かかる遮水性粒は、図6の断面図に示したように、例えば小石により形成された芯材73と、それを包み込む膨潤性を有する粘土74により構成されている。なお、この粘土74は、膨潤性を有する樹脂に置換可能である。遮水性粒は、直径が0.5〜5.0mm程度である。
遮水用材70としてかかる膨潤性樹脂を用いたとしても、上述の実施形態と同様の作用効果を得られる。
【0026】
≪変形例2≫
上述の実施形態における廃棄物処分場の容積増加方法では、不織布72で挟み込んだ粉末状のベントナイト71を遮水用材70として用いた。

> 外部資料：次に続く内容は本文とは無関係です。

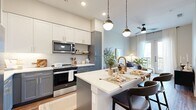 This 530 square foot, one-bedroom apartment in Austin, TX showcases a modern and efficient design. The open-concept layout seamlessly blends the living room, kitchen, and dining area, creating a spacious feel despite the compact footprint. The living room features a comfortable sofa, stylish coffee table, and direct access to a balcony through floor-to-ceiling glass doors, flooding the space with natural light.

The kitchen boasts contemporary finishes with two-tone cabinetry, stainless steel appliances, and a large island with seating, perfect for casual dining or entertaining. Pendant lighting adds a touch of elegance to the space.

The 110 square foot bedroom offers ample space for a queen-sized bed and includes large windows for natural light. A sleek dresser and round mirror complete the room's modern aesthetic. The bathroom features a glass-enclosed shower, modern vanity, and continues the apartment's cohesive design with matching wood-look flooring.

Throughout the apartment, neutral tones and natural textures create a calming atmosphere, while strategic lighting enhances the overall ambiance. The clever use of space and thoughtful design elements make this compact apartment feel much larger than its square footage suggests.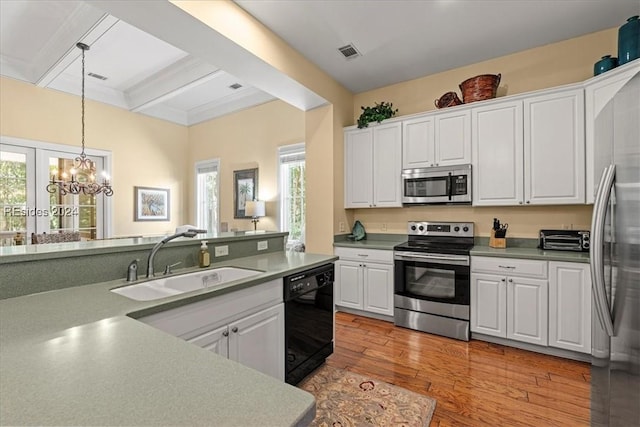 kitchen with pendant lighting, sink, appliances with stainless steel finishes, white cabinets, and light wood-type flooring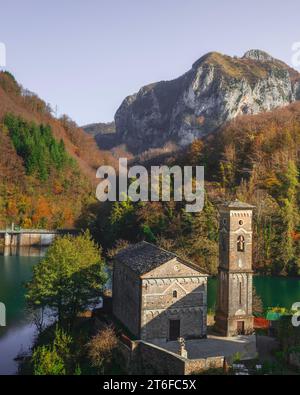 Isola Santa village, church, dam and lake in autumn. Apuan Alps in the background. Garfagnana, Tuscany region, Italy. Stock Photo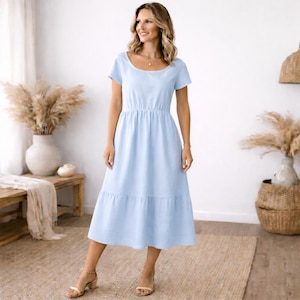Peut inclure: Robe midi bleu clair &agrave; manches courtes et col rond. La robe pr&eacute;sente un corsage ajust&eacute; et une jupe &agrave; volants. Le mod&egrave;le porte des sandales dor&eacute;es. La robe est en tissu l&eacute;ger.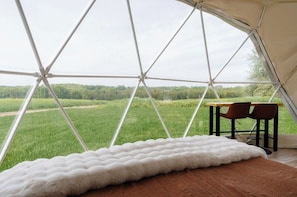 A tent with a view of a green field, a white furry rug, and two chairs. - The Sunset Dome- a private escape, with breathtaking sunsets, rooted in nature. (Guelph/Eramosa)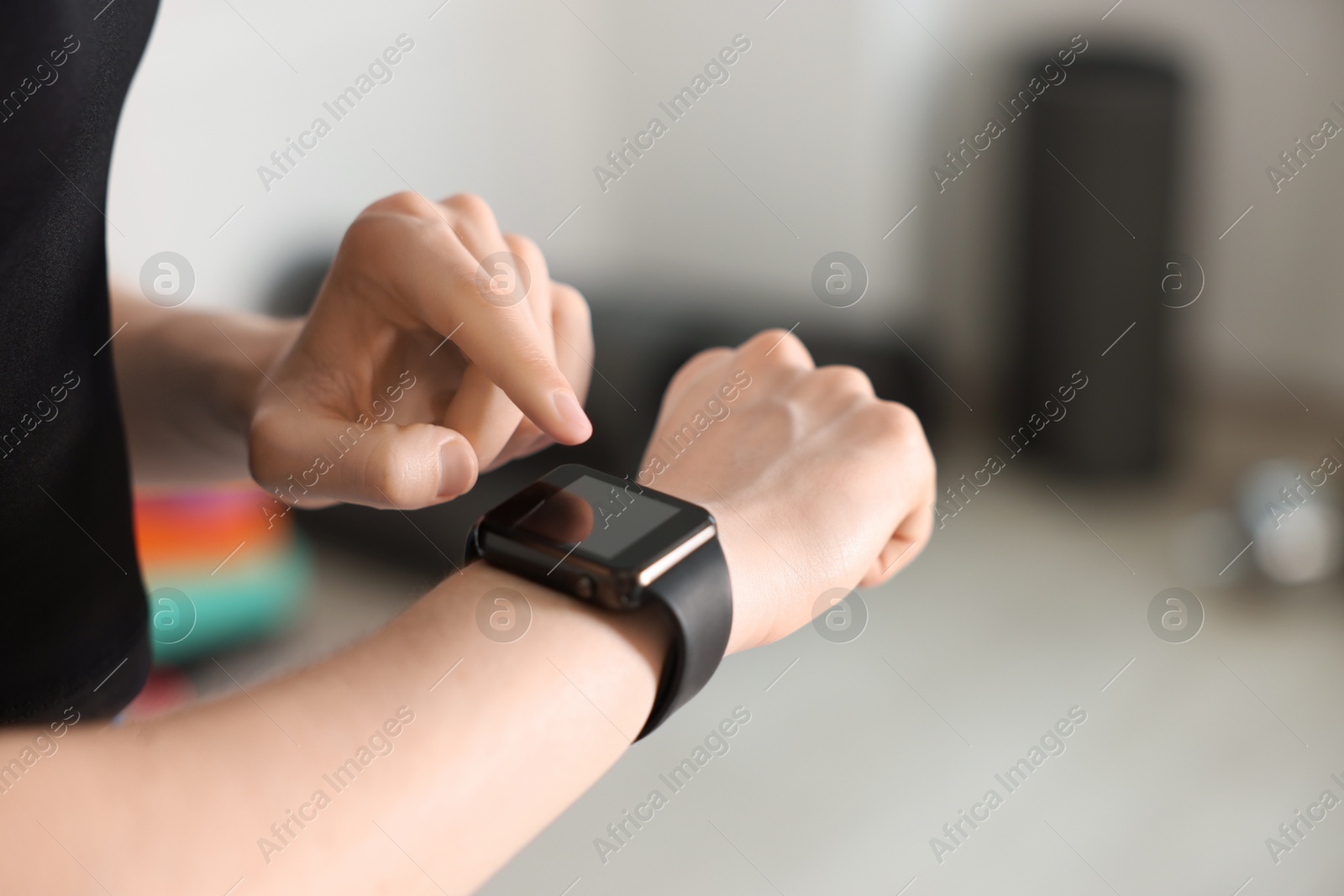Photo of Woman checking fitness tracker during training indoors, closeup. Space for text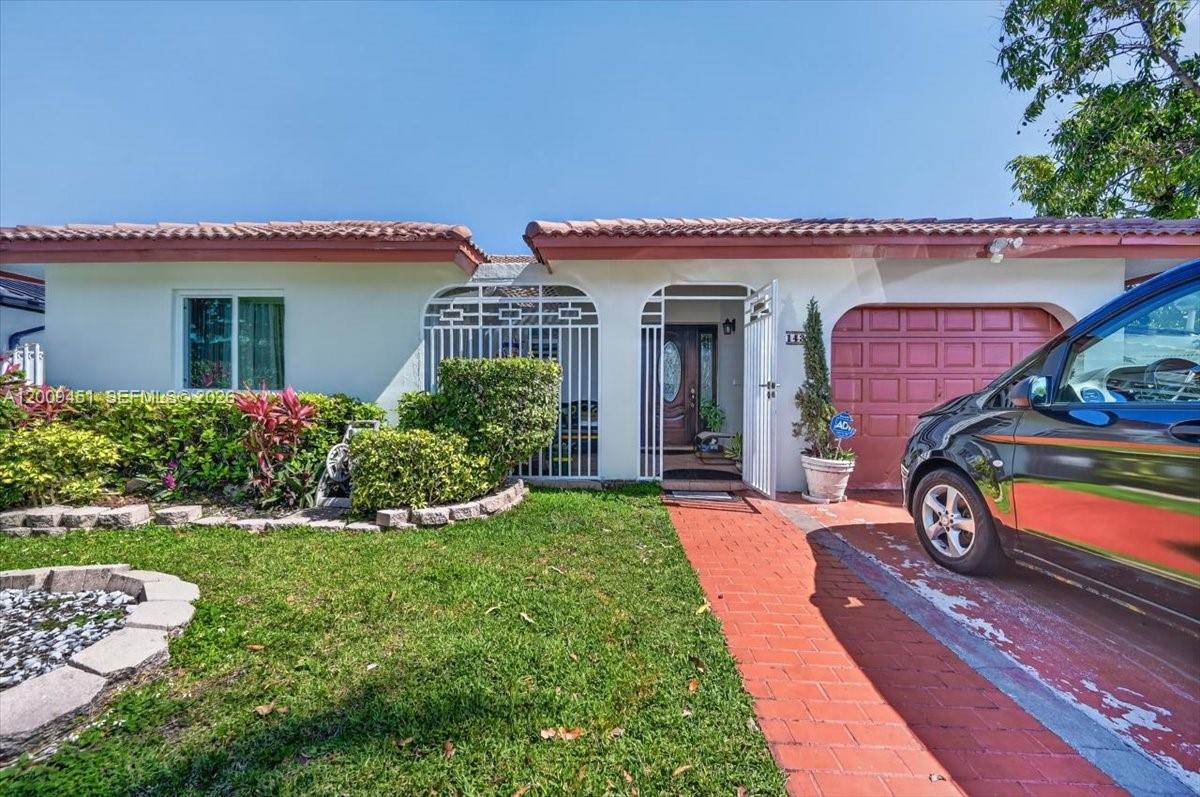 A single-story house features a red brick walkway, a garage, and a gated entryway — 14313 SW 100th Ln, Miami FL 33186, MIAMI, FL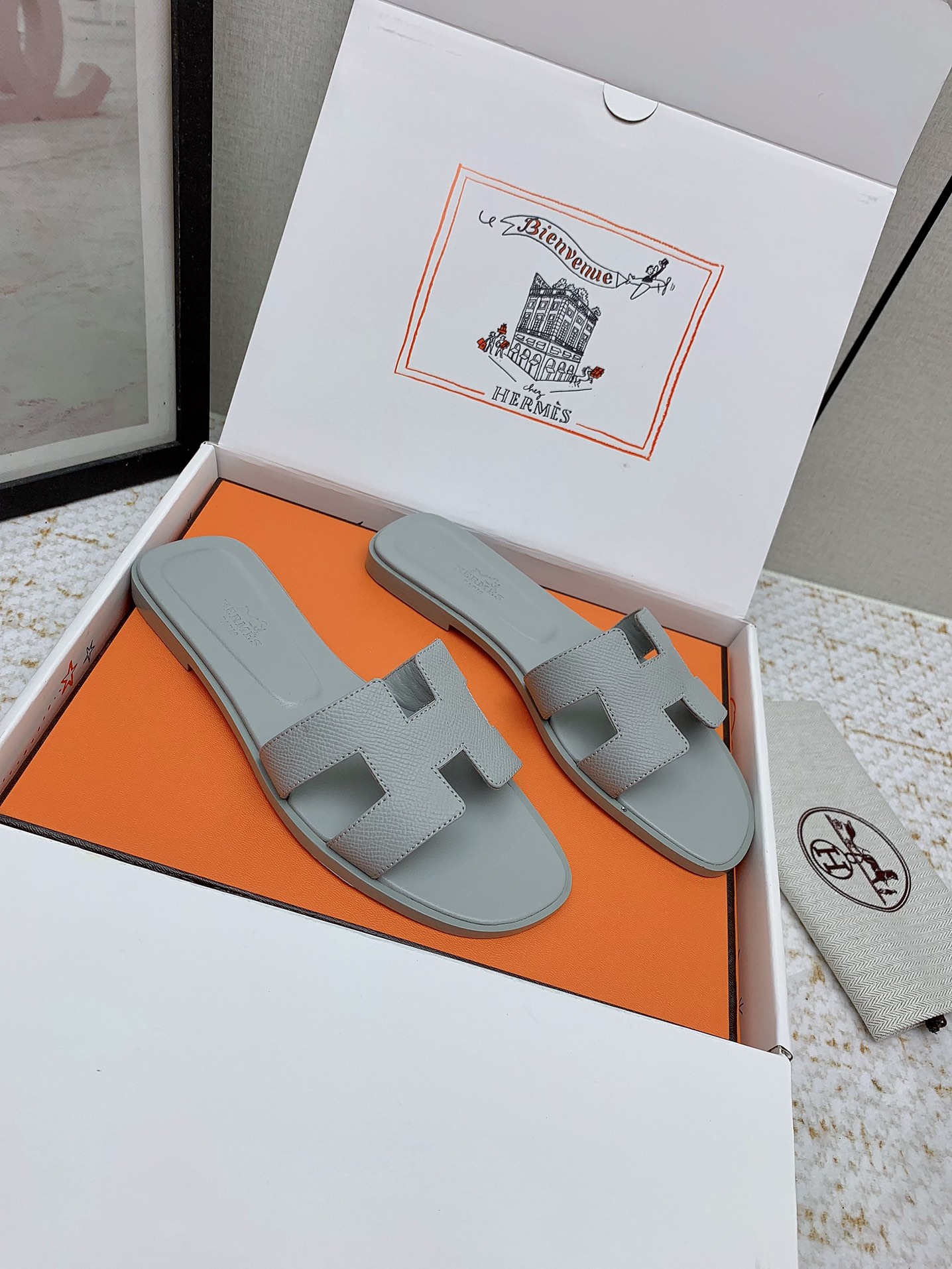 Hermès Oran Sandal, Gray Leather Slides for Women, Sizes 35-42 Available 1 i1750233341 6100 0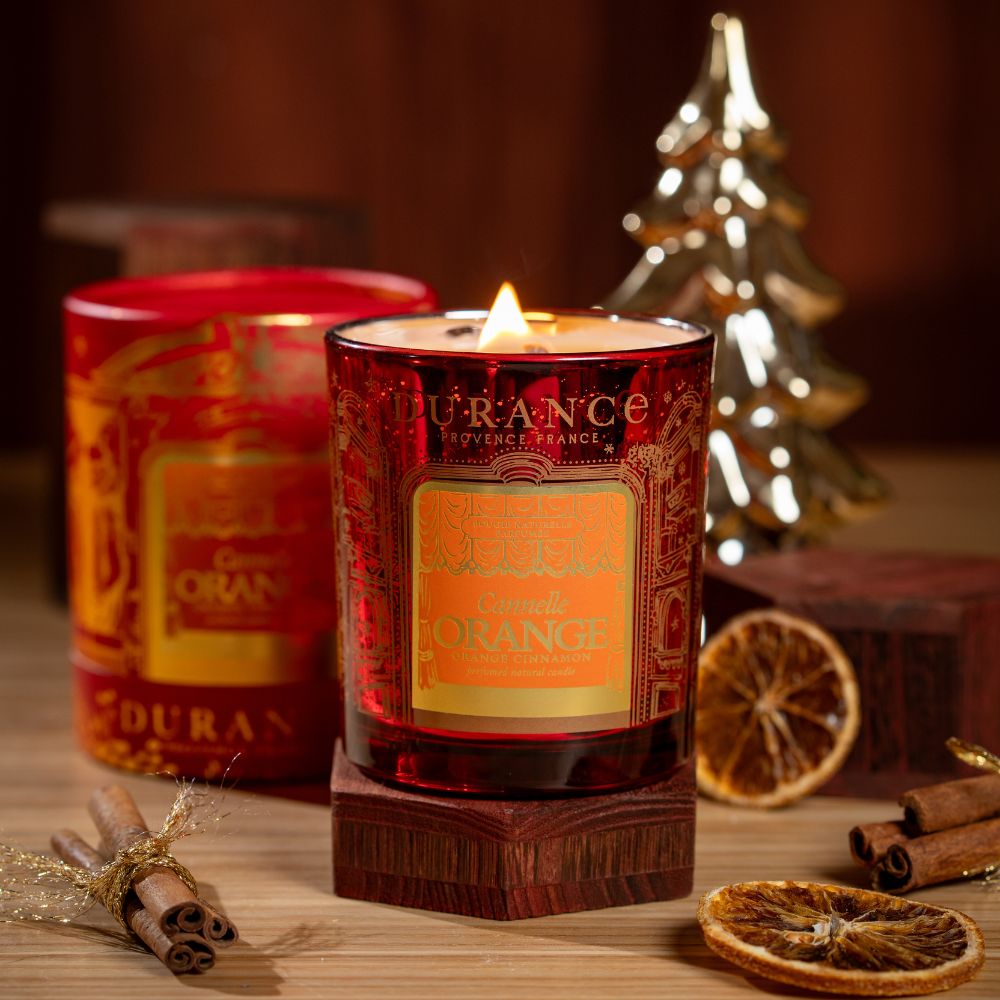 Vela aromática cera natural Naranja Canela 300g de Durance encendida sobre base de madera, con rodajas de naranja deshidratada y ramas de canela – D'Arome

この変形例2の廃棄物処分場の容積増加方法は、他の部分では、上述の実施形態における廃棄物処分場の容積増加方法と変わらないが、粉末状のベントナイト71に代えて、一定の粘度と遮水性を支持材60上への敷詰め時から持ち、且つ変形可能な粘性遮水性材料を、遮水用材70として用いることとしている。
かかる粘性遮水性材料として、この実施形態では、上述の条件を満たすゴムを用いることとしている。もっとも、このゴムに代えて、加水したベントナイトを用いることも可能である。
遮水用材70としてかかる粘性遮水性材料を用いたとしても、上述の実施形態と同様の作用効果を得られる。
なお、ここで用いる粘性遮水性材料は、新法面42に配される粘性遮水性材料50と同様のものであっても、異なるものであっても構わない。
【0027】
【発明の効果】
本発明によれば、凹面の上に新凹面を形成することで廃棄物処分場の容積を増す技術を実用化できるようになる。
【図面の簡単な説明】
【図1】本発明による廃棄物処分場の容積増加方法が実施される廃棄物処分場の構成を概略で説明するための側断面図。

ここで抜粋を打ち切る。